Visit from Blue Cliff Monastery
Written by Anna Kalyani Sardar, BIE ‘24
The morning of September 10th some dozen participants at Union Theological Seminary spanning across programs and traditions attended a practice period with Blue Cliff Monastery. Members of the Order of Interbeing led us in song and periods of meditation practice. A monastic named Brother Emptiness guided the group through the Order’s approach to meditation that enabled collective transformation through courage and continuity. He spoke of the five universal mental formations and what it means to offer appropriate attention. He shared the importance of the sangha and introduced members of the Order's lay community that were present. He offered insight on how to view and experience courage through present bare awareness, explaining how truth could be found in everyday life. He taught on the importance of reconciliation that produced harmony, how truthful speech in response to injustice is essential, and how to offer a clear stand in the face of oppression through the practice. Everyone sat upright on their cushions and chairs, listening to the short lecture in James Chapel as his voice reverberated throughout the room. A sobriety of purpose held the monastics together as they weaved and supported each other through the entire service.
The final few hours were spent answering participant questions regarding how to practice amidst the rise and fall of daily living. Some attendees named the difficulty of non-reaction amidst crises. Others offered up personal experiences ranging from the ethics around killing a lantern fly to facing the confusion of holding the universal and specificities of the present simultaneously. Each Order member offered up gentle wisdom, often through allegories, such as describing the parable of the blind men and the elephant. Or how the process of getting prescription glasses is like the practice, stabilizing and offering clearer perception. Or even how practice is like being a potato and throwing yourself into the boiling pot. “You must enter into the water and sit for a while, letting yourself soften.”

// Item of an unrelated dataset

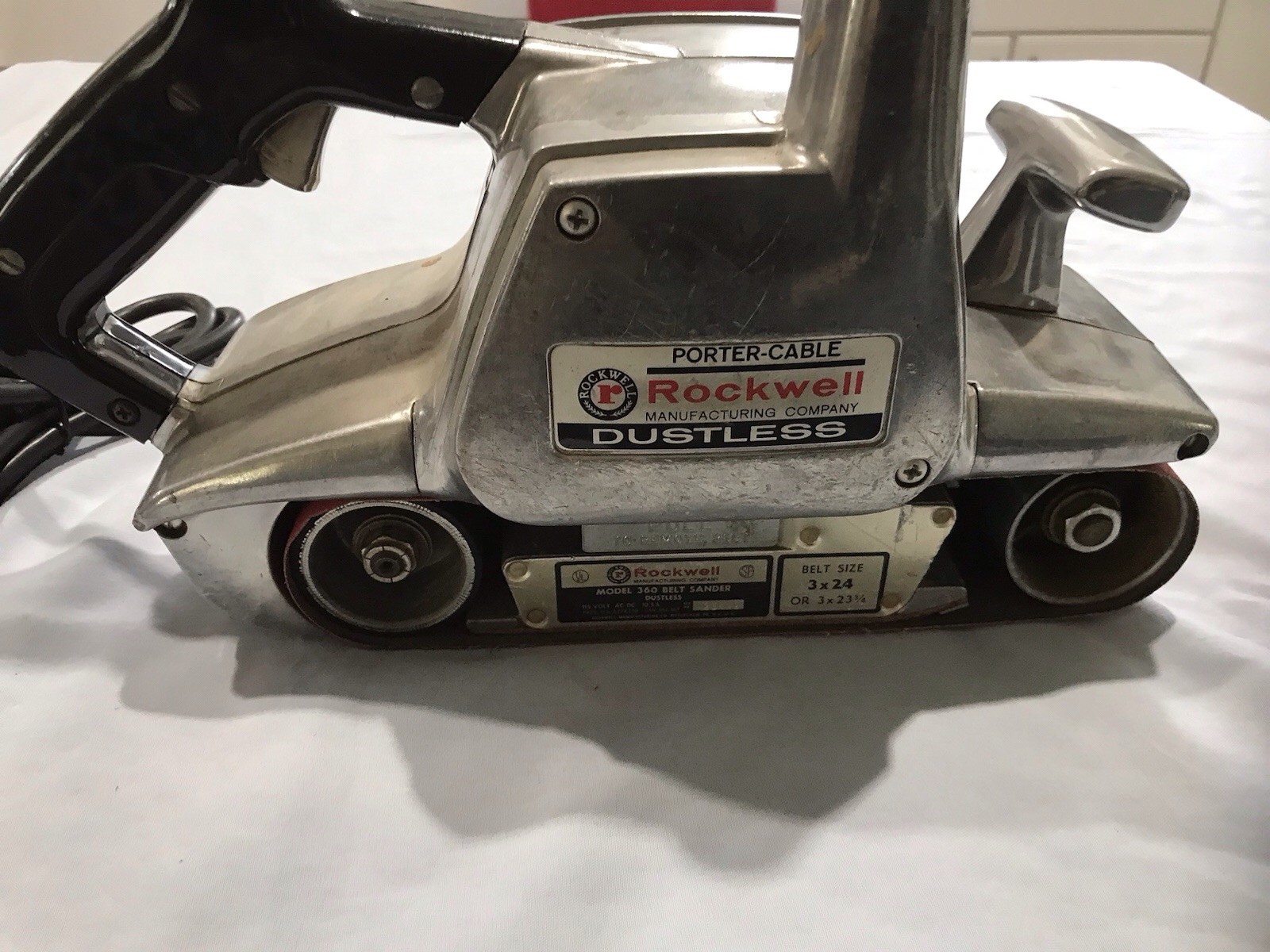Vintage Rockwell Model 360 Dustless Belt Sander 3 x 24 Belt Size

I remember during the Q&A describing how a telescope is made. It's essentially a big reflecting mirror that must gather a lot of light. Then there's something called the circle of confusion, meaning that if there's a distortion of any kind or an error in the construction of the glass, then that circle gets larger and two stars can look like one. I ended with: "Is this a correct teaching?" Sister Sunrise raised her hand and replied with a soft smile: "Whether it's two stars or one star, it is important to remember that both are empty."
In one way or another, each of us was left with a seeing that frees. The practice space allowed us to experience the phenomena of being alone in this together. We each brought our difficulties, our fabrications, and our projections into the room. Yet, we needed each other to see. The monastics warmly welcomed students to come and meditate for longer periods so that we could feel for ourselves what the practice could produce after a full day or weekend rather than only a few hours in a single afternoon. Once our time together concluded, we each returned to our everyday moments, perhaps a little softer and a little wiser.